_Work instructions_
Once the line containing "2024 Toyota Sienna Platinum 7 Passenger" has been printed, stop; print every line before it exactly, starting at the top of the material below.

_Entries supplied_

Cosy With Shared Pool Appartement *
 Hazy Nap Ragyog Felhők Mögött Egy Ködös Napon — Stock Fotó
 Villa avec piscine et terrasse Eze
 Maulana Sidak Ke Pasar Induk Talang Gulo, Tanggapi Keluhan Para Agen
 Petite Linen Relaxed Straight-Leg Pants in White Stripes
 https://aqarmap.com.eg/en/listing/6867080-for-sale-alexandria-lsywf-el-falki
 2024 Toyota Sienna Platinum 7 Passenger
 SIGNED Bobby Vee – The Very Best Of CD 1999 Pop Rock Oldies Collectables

_Finished task_
Cosy With Shared Pool Appartement *
 Hazy Nap Ragyog Felhők Mögött Egy Ködös Napon — Stock Fotó
 Villa avec piscine et terrasse Eze
 Maulana Sidak Ke Pasar Induk Talang Gulo, Tanggapi Keluhan Para Agen
 Petite Linen Relaxed Straight-Leg Pants in White Stripes
 https://aqarmap.com.eg/en/listing/6867080-for-sale-alexandria-lsywf-el-falki
 2024 Toyota Sienna Platinum 7 Passenger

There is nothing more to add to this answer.